### What the task asks
Set down the data below from its first line to the line holding "Dell Latitude 5500", inclusive; omit all pictures.

### Supplied information
****************************************

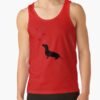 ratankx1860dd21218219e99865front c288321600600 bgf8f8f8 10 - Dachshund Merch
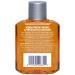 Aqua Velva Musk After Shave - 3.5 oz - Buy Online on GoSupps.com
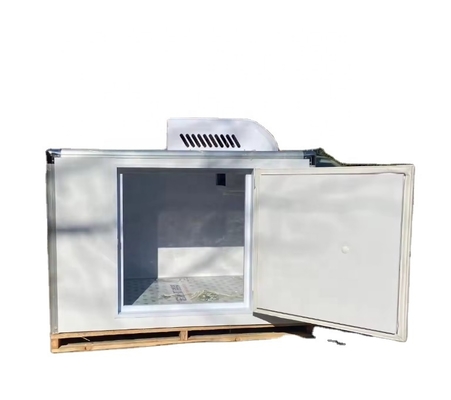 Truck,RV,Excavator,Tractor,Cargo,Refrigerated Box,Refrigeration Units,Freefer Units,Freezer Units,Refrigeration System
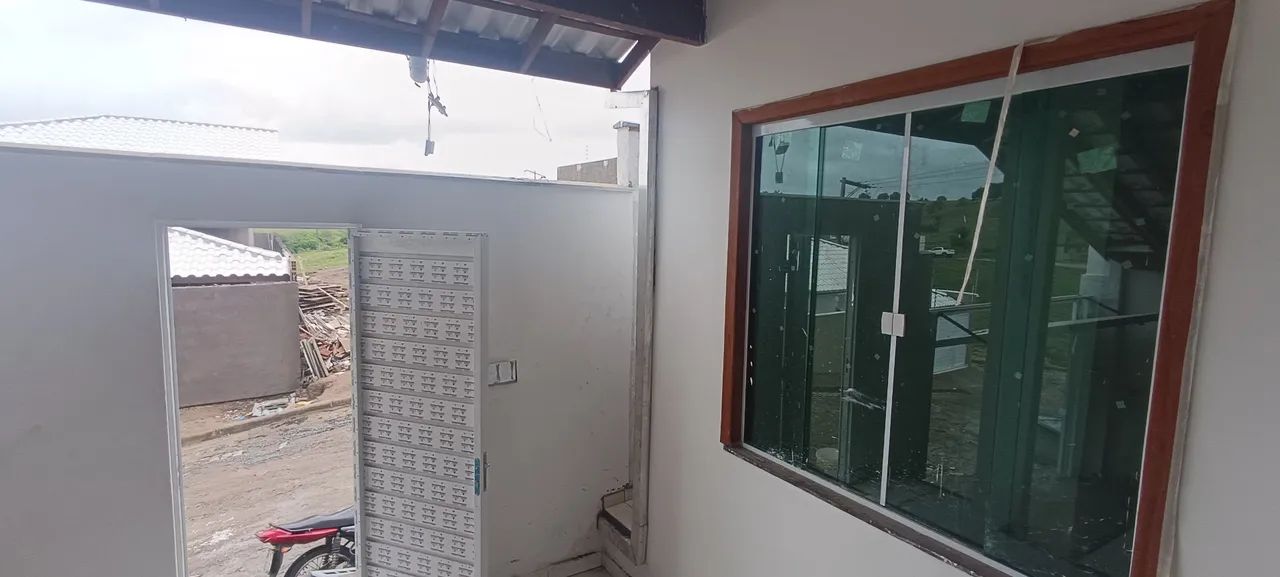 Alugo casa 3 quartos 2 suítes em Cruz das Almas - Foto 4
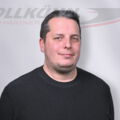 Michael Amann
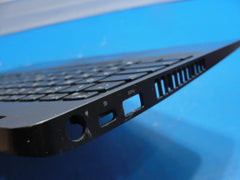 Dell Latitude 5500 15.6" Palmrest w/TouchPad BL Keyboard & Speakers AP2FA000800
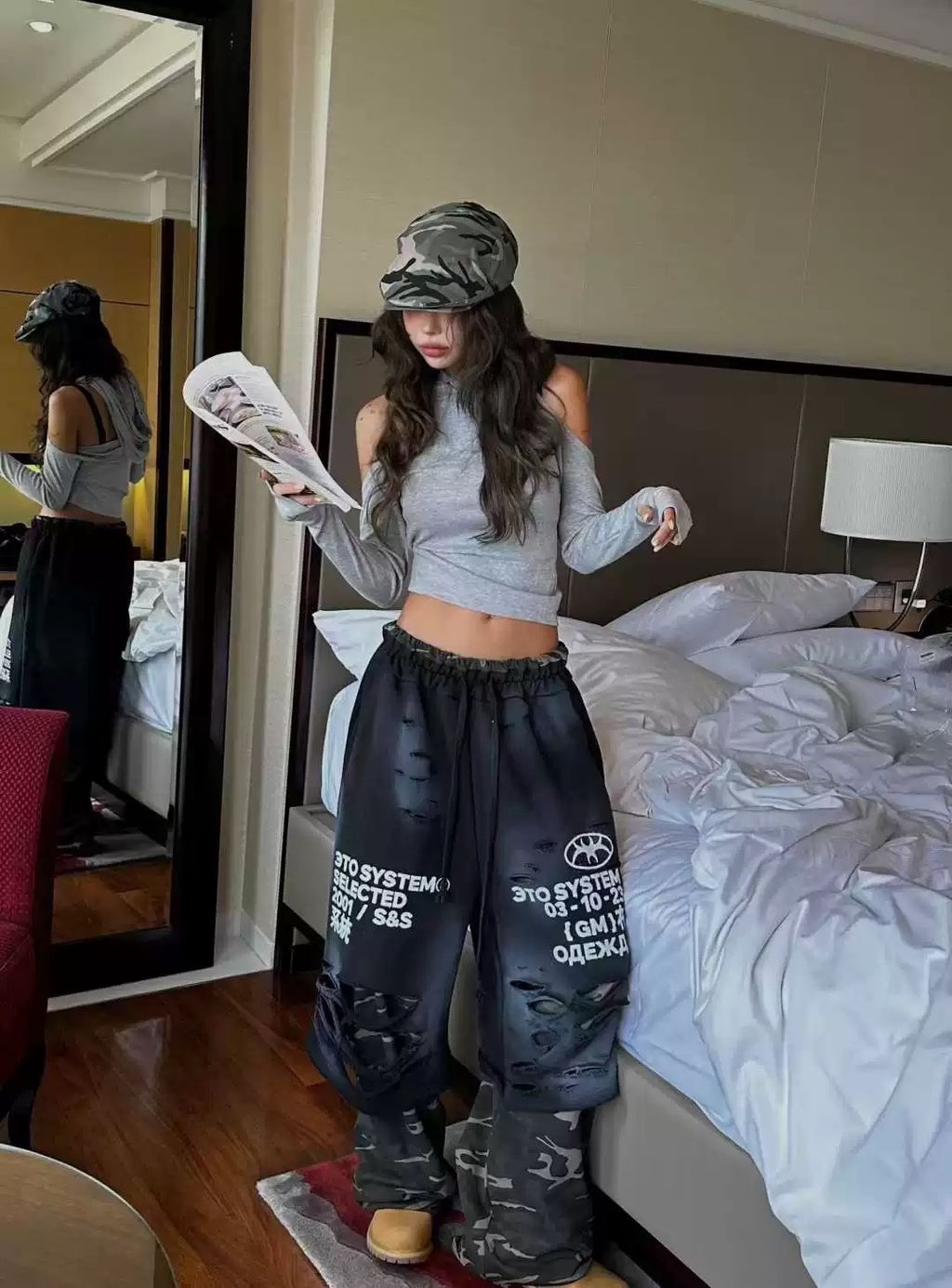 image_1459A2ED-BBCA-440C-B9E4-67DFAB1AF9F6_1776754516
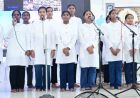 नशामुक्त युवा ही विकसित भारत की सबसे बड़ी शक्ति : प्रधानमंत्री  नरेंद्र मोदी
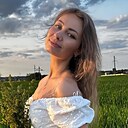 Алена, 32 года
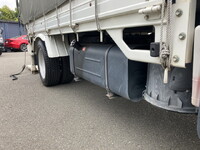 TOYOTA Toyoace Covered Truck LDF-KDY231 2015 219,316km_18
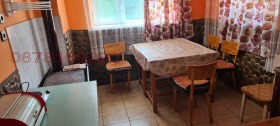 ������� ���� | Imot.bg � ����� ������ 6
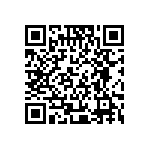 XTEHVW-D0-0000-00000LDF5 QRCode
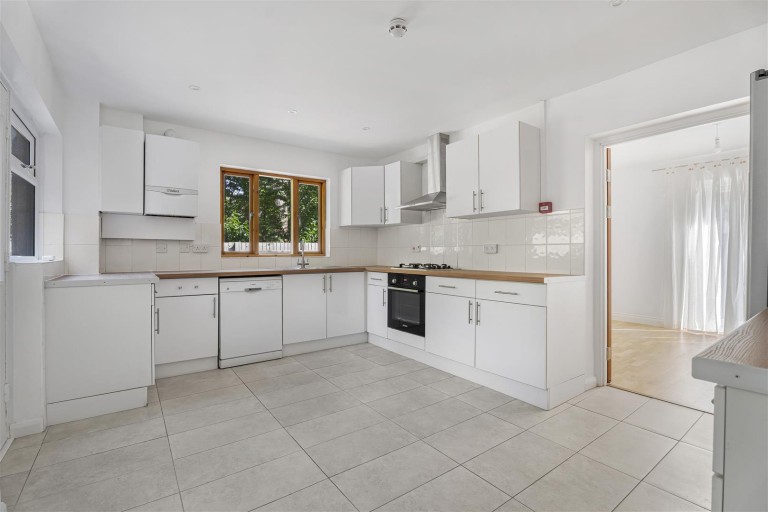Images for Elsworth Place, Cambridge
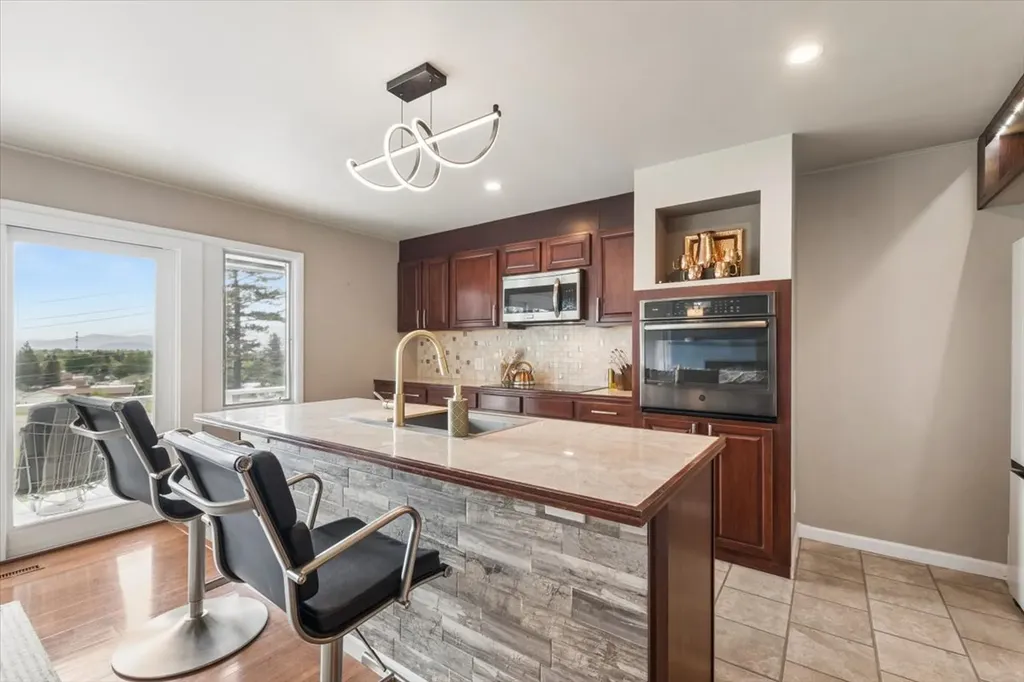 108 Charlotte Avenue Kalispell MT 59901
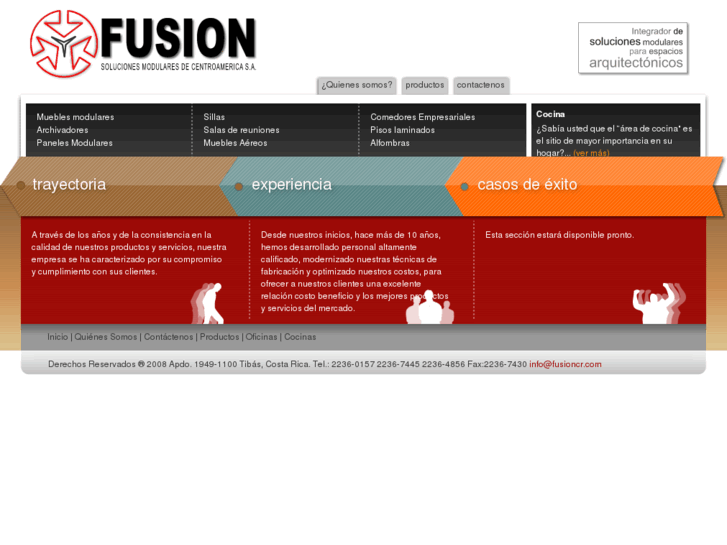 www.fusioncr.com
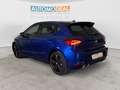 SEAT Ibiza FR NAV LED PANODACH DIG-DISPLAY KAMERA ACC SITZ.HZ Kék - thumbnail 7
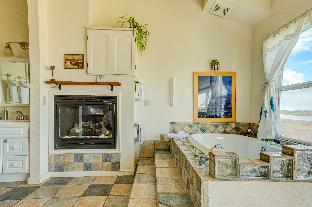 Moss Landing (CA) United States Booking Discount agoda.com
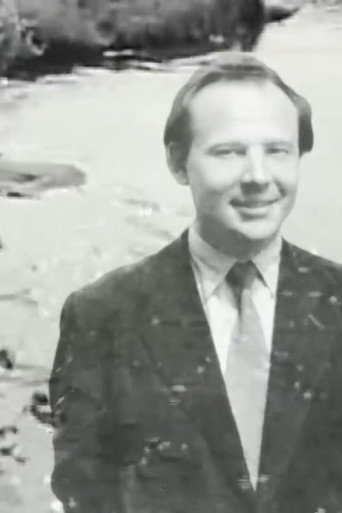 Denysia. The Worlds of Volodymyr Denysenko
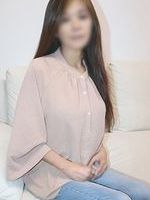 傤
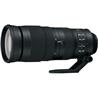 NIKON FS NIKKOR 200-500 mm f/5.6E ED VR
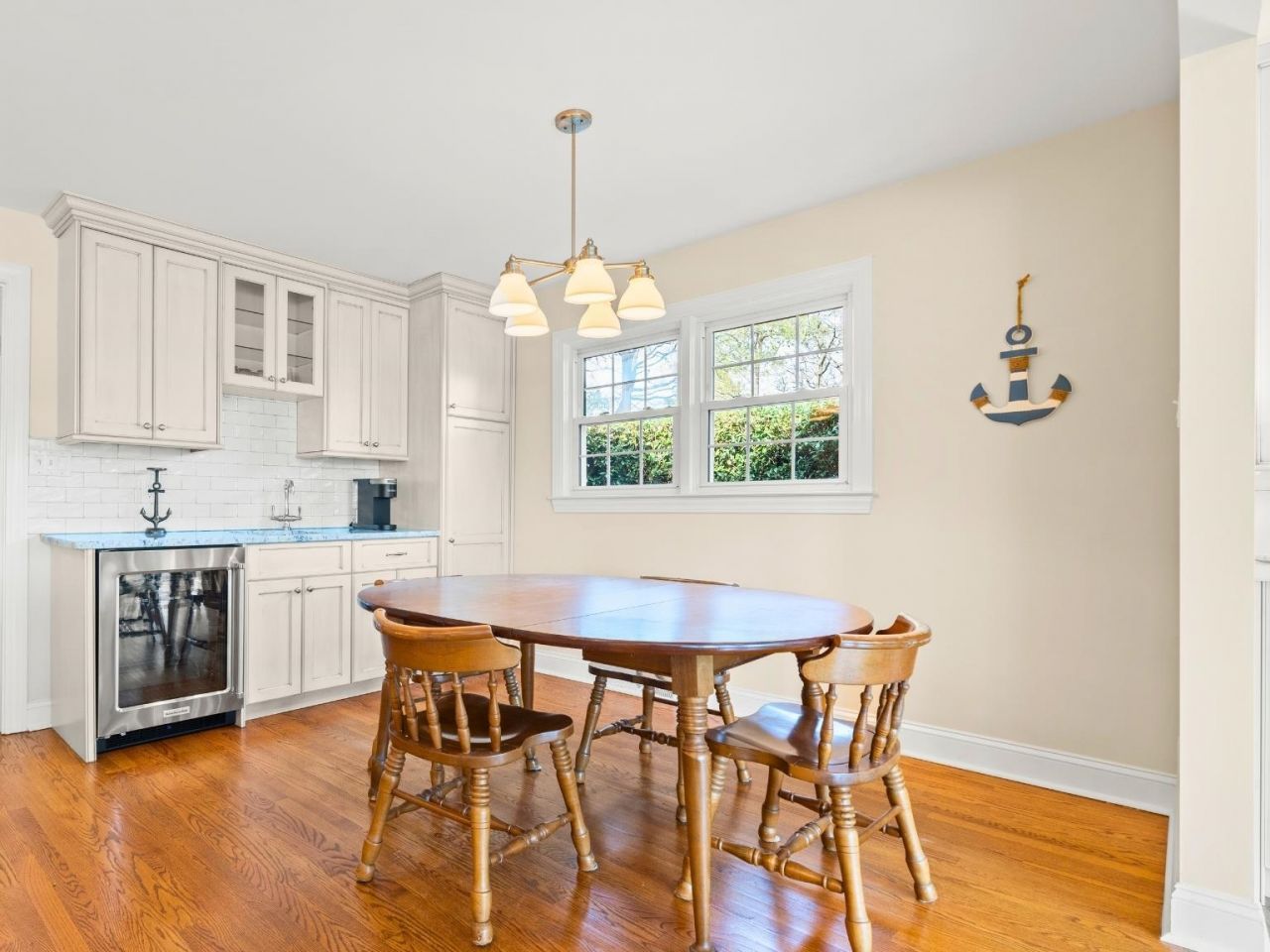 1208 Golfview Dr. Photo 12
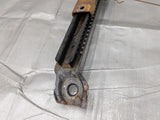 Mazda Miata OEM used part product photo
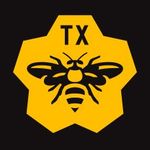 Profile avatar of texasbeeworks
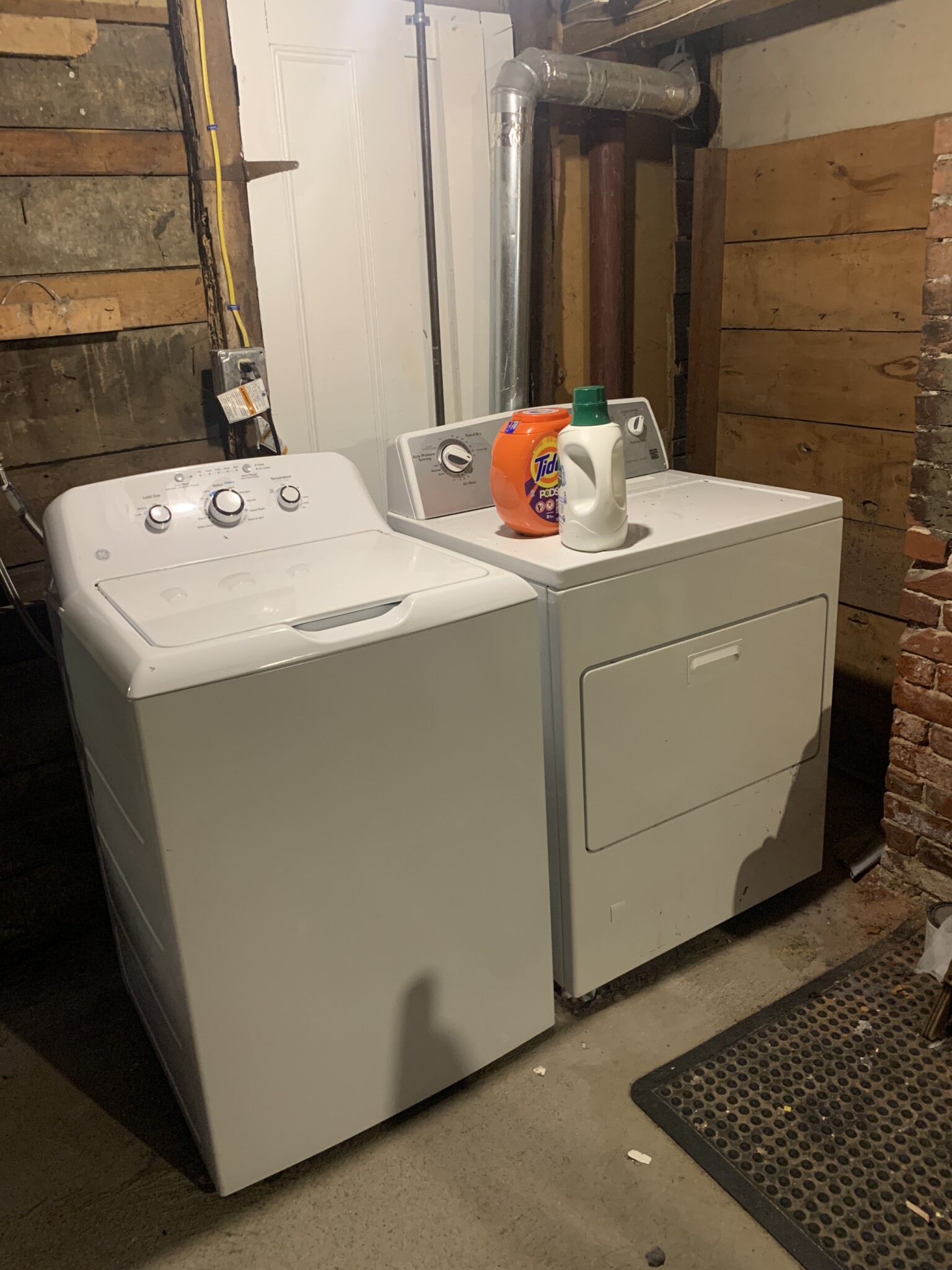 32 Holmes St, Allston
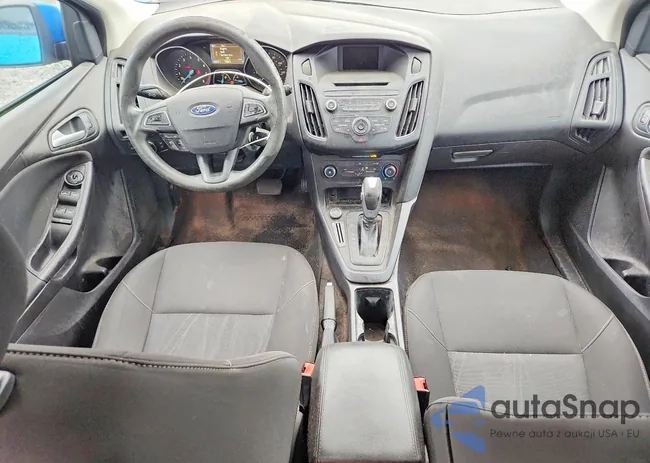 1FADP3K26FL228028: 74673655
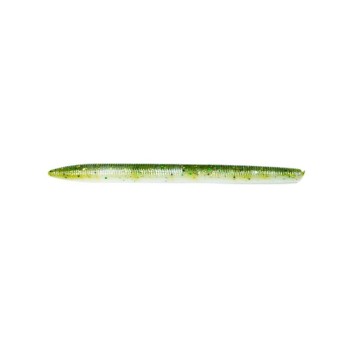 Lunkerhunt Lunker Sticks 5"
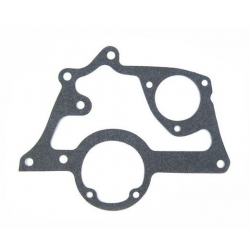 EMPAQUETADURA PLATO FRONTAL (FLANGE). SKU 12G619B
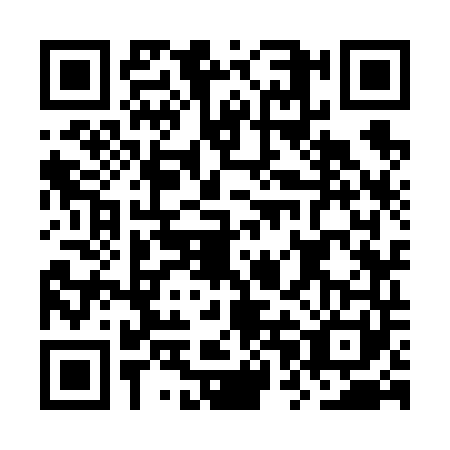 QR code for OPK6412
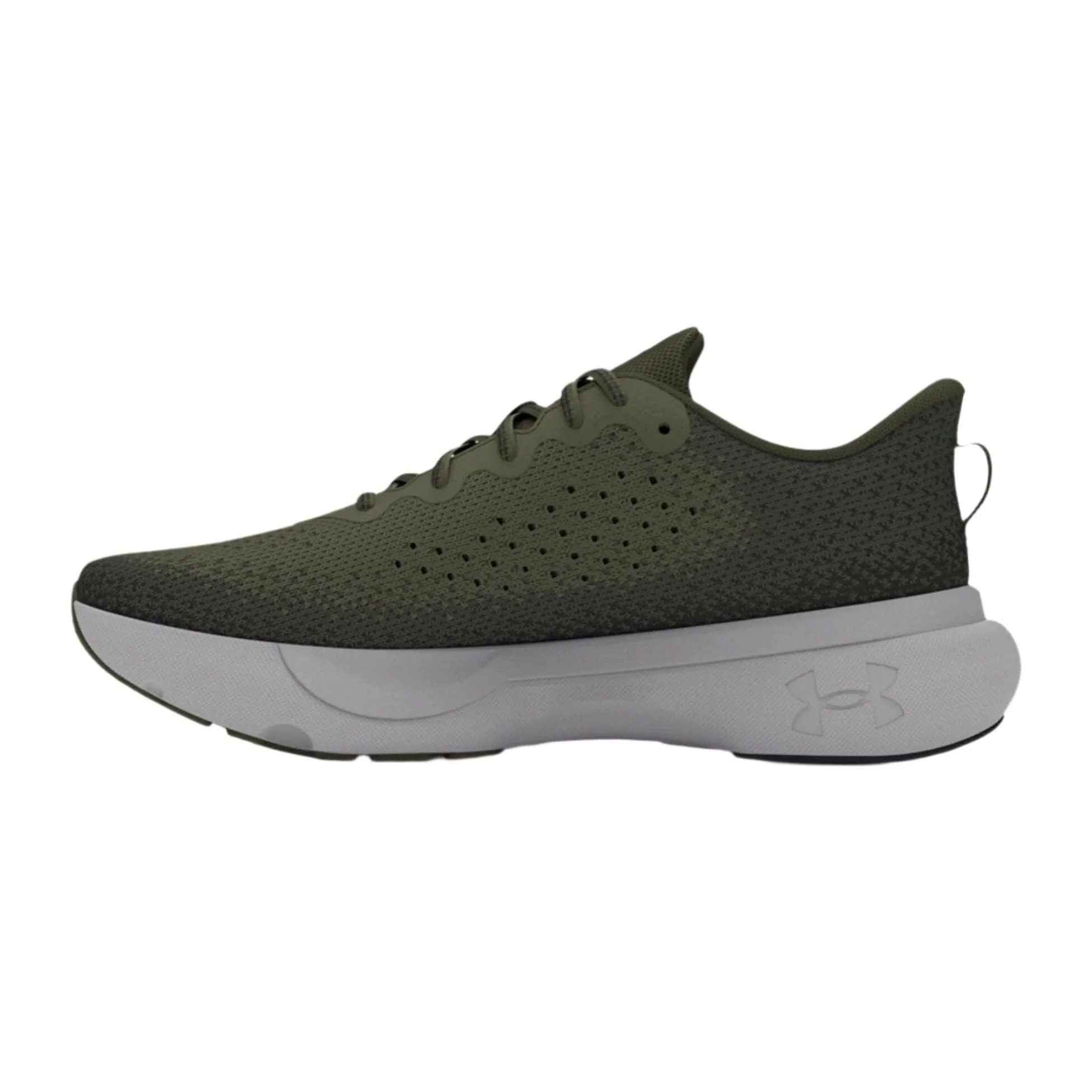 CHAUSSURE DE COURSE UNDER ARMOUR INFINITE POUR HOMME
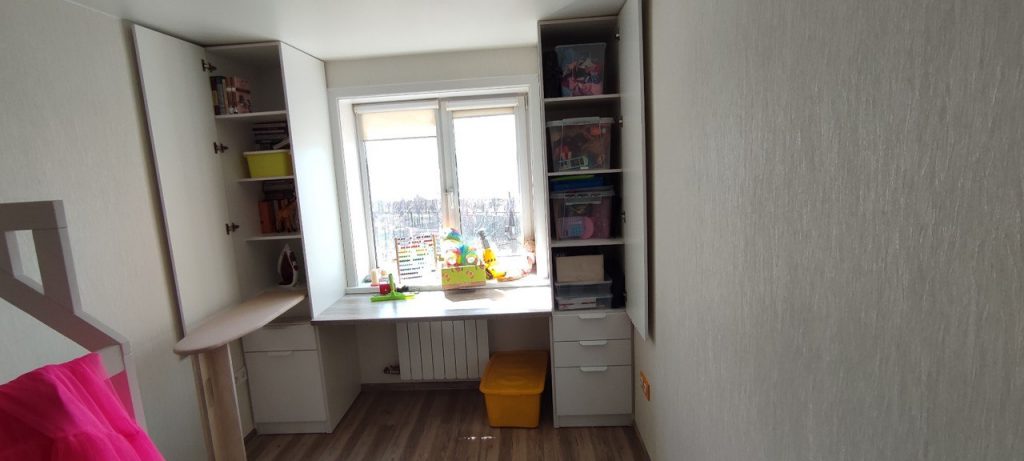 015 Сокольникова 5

****************************************

### Solution below
 ratankx1860dd21218219e99865front c288321600600 bgf8f8f8 10 - Dachshund Merch
 Aqua Velva Musk After Shave - 3.5 oz - Buy Online on GoSupps.com
 Truck,RV,Excavator,Tractor,Cargo,Refrigerated Box,Refrigeration Units,Freefer Units,Freezer Units,Refrigeration System
 Alugo casa 3 quartos 2 suítes em Cruz das Almas - Foto 4
 Michael Amann
 Dell Latitude 5500 15.6" Palmrest w/TouchPad BL Keyboard & Speakers AP2FA000800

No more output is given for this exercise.